Chicks Kick Butt

“Bringer of the Futhark,” she said slowly. “Teacher of the runes.”


He raised himself higher and sat up with a wince. “Yes.” There was a great weariness in his voice. “I have been gone a very long time.”

Gone. The memories flooded back, images of bloody conflict and hopeless courage. The elves had fought beside the Aesir, and died beside them.

All but one. Dáinn the Wise, who had walked away when Heimdall had sounded the call to arms. Dáinn the coward. Dáinn the cursed.

Mist drew away from him as if he were Fenrir himself. “Is that why you’re here?” she demanded. “Did you flee to Midgard when you ran from the great battle?”
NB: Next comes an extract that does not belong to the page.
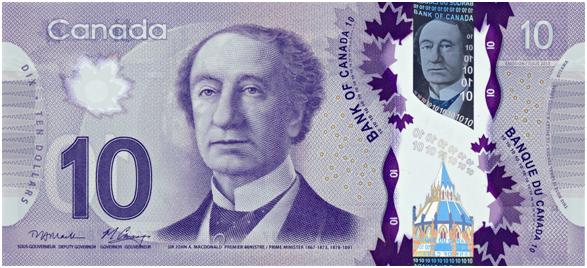 Канада: введена в обращение новая банкнота достоинством в 10 долларов, изготовленная на полимерной основе.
The álfar had always been proud, but Dáinn made no effort to refute her accusation. He began to rise, a little of his elvish grace returning, then sank back down again like the faithless weakling he was.

“The great battle?” he said. “The final destruction of the gods?” He sighed, gazing into the darkness. “Does it seem to you that the world has ended?”

Mist couldn’t pretend that she didn’t understand his question, and it stung all the more because she had been thinking the same thing that very morning.

“Have you seen Baldr return from Hel?” Dáinn asked, relentless in his strange detachment. “Where are Vídarr and Váli and the sons of Thor?”

She could have told him that Vídarr and Váli were alive in this very city, one the owner of a Tenderloin bar and the other a common drunk. The sons of Odhinn were living proof that the prophecies had failed. They had known all along how useless it was to cling to the old ways. Mist had finally admitted they were right.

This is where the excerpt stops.